In late 2010, Park featured on GD & TOP's single "Oh Yeah", appearing on both the Korean and Japanese versions of the song as well as the Japanese music video. The single peaked at number two on the Gaon Chart upon release. On April 21, 2011, she released a second solo digital single, "Don't Cry". The single was a success and achieved a perfect all-kill on Instiz, placing number one on seven local music charts. The same year, Park featured on the song "Having an Affair", performed by G-Dragon and comedian Park Myeong-su in a duo project called GG for the Infinite Challenge Music Festival. The former praised her, saying that "In every song that her voice goes, it's a hit. Her voice is very good". The single was another hit and was the second most downloaded song of 2011. In 2013, Park formed a sub-unit group with labelmate Lee Hi, known as Bom & Hi. The duo released a cover of Mariah Carey's "All I Want for Christmas Is You" on December 17. The same year, she also featured on the Japanese version of G-Dragon's single "Black".

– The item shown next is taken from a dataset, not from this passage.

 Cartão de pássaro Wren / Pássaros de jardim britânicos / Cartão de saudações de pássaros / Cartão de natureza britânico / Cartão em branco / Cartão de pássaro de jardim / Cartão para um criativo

===2014–2017: Career setback and 2NE1's disbandment===
In 2014, it was released to the public that Park had been under investigation for drug smuggling (80 Adderall tablets) through international mail in the past. A package, sent by family members residing in the United States to her residing in South Korea, was stopped at Incheon International Airport customs. Park was put under investigation but was never charged. In a statement issued by YG Entertainment's Yang Hyun-suk, he spoke against the allegations of preferential treatment. He explained that the drug was illegal in South Korea but legal in the United States. She was unable to travel to the United States during that time due to her busy schedule. Park contacted her U.S. physician to refill her medication. Yang further explained that Park sought out medical care from South Korean physicians and had undergone therapy for attention deficit hyperactivity disorder but proved to be not as effective as her treatment in the United States. In 2010, at the time of investigation, she had provided the prosecutor her medical records from her U.S. hospital confirming her diagnoses as well as ongoing treatment plan. That same year, Park joined the cast of SBS's Roommate, a reality show which features eleven celebrities living together in a share house. She shortly withdrew from the program following the scandal and went into a hiatus from the entertainment industry.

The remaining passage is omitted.